Source material →
- Opening Delimiter -
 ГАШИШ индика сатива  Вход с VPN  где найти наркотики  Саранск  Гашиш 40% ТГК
- Closing Delimiter -
- Opening Delimiter -
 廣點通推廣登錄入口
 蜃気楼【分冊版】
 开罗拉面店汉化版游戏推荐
- Closing Delimiter -
- Opening Delimiter -
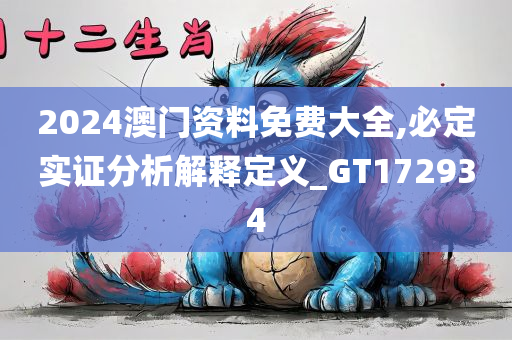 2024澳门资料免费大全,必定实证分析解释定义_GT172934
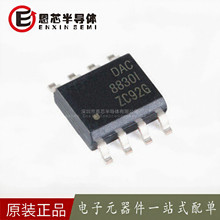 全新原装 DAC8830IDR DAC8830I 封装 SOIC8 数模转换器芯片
- Closing Delimiter -
Aim of the exercise → Within the listing above, write out the stretch from the line with "2024澳门资料免费大全,必定实证分析解释定义_GT172934" through the line with "全新原装 DAC8830IDR DAC8830I 封装 SOIC8 数模转换器芯片" exactly. Any pictures are to be left out.

Written response →
 2024澳门资料免费大全,必定实证分析解释定义_GT172934
 全新原装 DAC8830IDR DAC8830I 封装 SOIC8 数模转换器芯片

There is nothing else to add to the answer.